The Lost Spy: An American in Stalin's Secret Service
Andrew Meier, Writer-in-Residence, The New School University, and former Fellow, Woodrow Wilson Center
In his new book The Lost Spy: An American in Stalin's Secret Service, Andrew Meier, Writer-in-Residence, The New School University, former Moscow correspondent for Time magazine, and former Fellow, Woodrow Wilson Center, traces the life and death of Isaiah "Cy" Oggins, a Columbia University student who became a Soviet spy and ultimately was "liquidated" by Stalin. At a Kennan Institute lecture, Meier explained that in relaying Oggins's experience, he has tried to tell the story of a dynamic time in the United States when people believed sincerely that at that very moment in history they were making the world anew. In describing Oggins's journey, Meier demonstrated how Oggins "paid the ultimate price for his innocence and delusion."

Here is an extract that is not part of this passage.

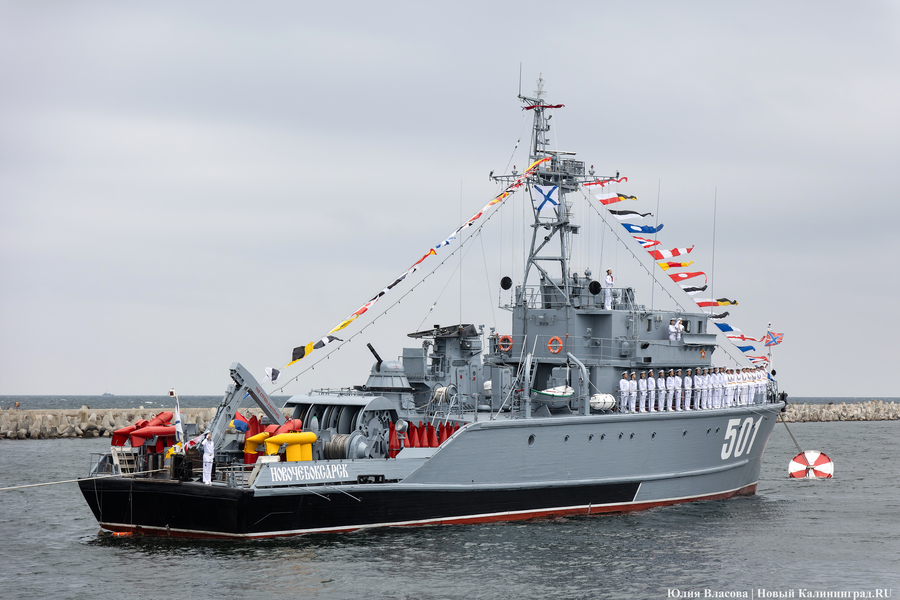 День ВМФ в Балтийске: как прошел парад кораблей Балтфлота (фото)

When Oggins graduated from Columbia University in 1920, New York was the center of radical agitation in the United States, and Oggins, noted Meier, was submerged in it. He joined the fledgling Communist Party in 1924, and in 1926, he was recruited by the Soviet Union to be a spy. Working towards a Doctorate degree, Oggins traveled to Europe for intelligence missions in the guise of an academic. Meier recounted how in the 1930s, Oggins's assignments took him to China, Japanese-controlled Manchuria, and in 1939, to Moscow. At this point, Stalin's purges were well underway, and despite his long, loyal service, Oggins was arrested and sent to the Arctic gulag of Norilsk. Fellow prisoners called him the "American Professor" from Columbia University. It was this misnomer, Meier said, which ultimately caught the attention of the U.S. government and alerted it to Oggins's situation. Even though the U.S. government knew nothing about Oggins or his activities, its efforts to get him released reached all the way to Secretary of State Cordell Hull. Despite these efforts and the more intense pleas from Oggins's wife Nerma, the Soviets executed Oggins in 1947 to keep his story from getting out.

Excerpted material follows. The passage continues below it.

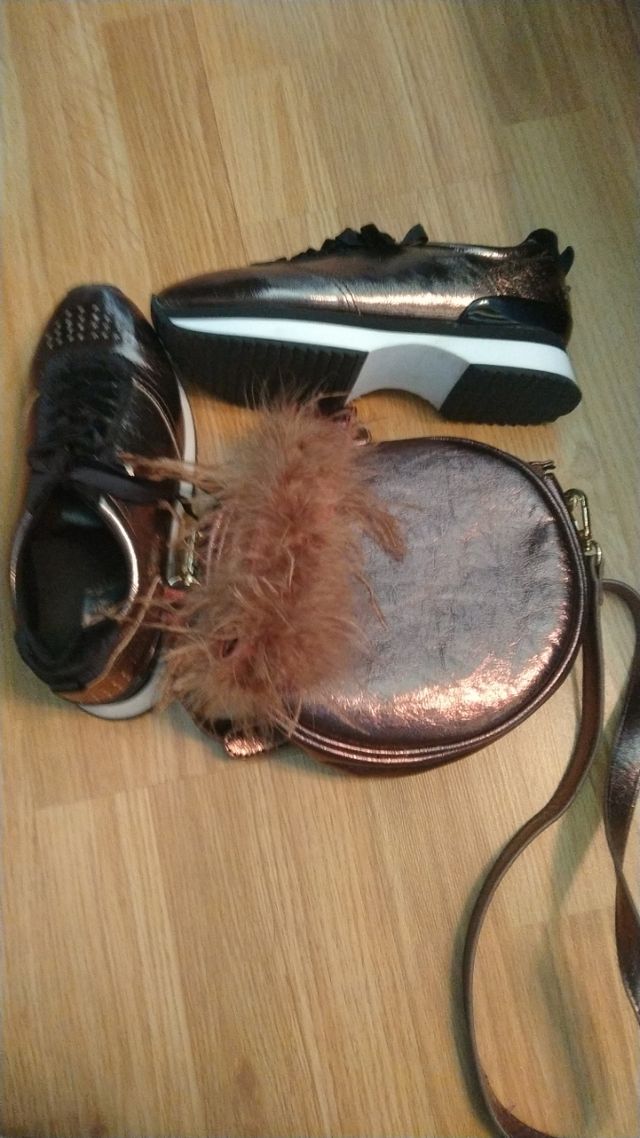 zapatillas y bolso gioseppo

Until Meier's investigation, the real story of what had happened to Oggins had remained a mystery. To uncover it, Meier described how he interviewed gulag survivors, dug through declassified files in archives around the world—including Soviet archives, where he found a heavily censored fraction of Oggins's 162-page file—and even tracked down Oggins's son. Meier's research has produced a rich account of American communism's early years as well as the journey of an American who devoted his life to serving the Soviet Union. Different people, Meier observed, see Oggins in various ways. Many tell Meier that Oggins died a traitor's death, but Meier has tried to convey a different understanding of Oggins's story in his book. Meier explained that he was attracted to Oggins's experience because Oggins is emblematic of so many young, intelligent ingénues in New York at the time. "Oggins was just the one who crossed the line," concluded Meier.